From Brexit to the election of Donald Trump to refugee backlash in Germany and Sweden, 2016 was a year of divisiveness.

Perhaps that's why this year's nominees for the Best Live Action Short Oscar all seem to make a call for unity. Whether dealing with gun violence (DeKalb Elementary), religious violence (Watu Wote: All of Us), disability (The Silent Child), or race (My Nephew Emmett), filmmakers seem desperate to find common ground. It should be said, with one much-needed foray into comic relief (The Eleven O'Clock) this is an emotionally heavy bunch, so if you view the selections together, be prepared. But despite dense intense subject matter, this year's nominees offer a collective light at the end of the tunnel.

See other complete odds for minor Oscar categories here – with analysis – to supplement the major categories here.

DeKalb Elementary


Dekalb Elementary is largely considered the front-runner in this category – even before the Parkland high school shooting two weeks ago in Florida.

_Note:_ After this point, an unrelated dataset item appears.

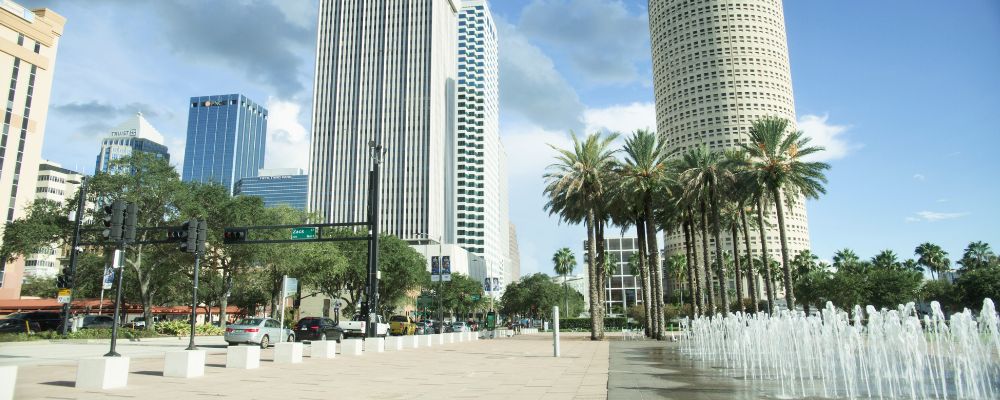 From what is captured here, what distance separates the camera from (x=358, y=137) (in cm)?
14862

This envisioning of an all-too frequent occurrence, the school shooting, is a claustrophobic, one-set affair. We're placed in a Georgia elementary school front office, when a live shooter (played by Bo Mitchell) walks in, but, counter to what one might assume, he seems kind of hesitant. His gun remains pointed off to the side or at the ground. It's unclear what he's really trying to achieve. Maybe he's just suicidal and hoping the police will come and open fire?

Fortunately, for all concerned, the front-desk receptionist is a strong black woman (Shinelle Azoroh) in her late 30s or early 40s. She's able to talk the shooter down, and eventually she talks him into turning himself in. But there's always this underlying bit of tension: Is he going to change his mind?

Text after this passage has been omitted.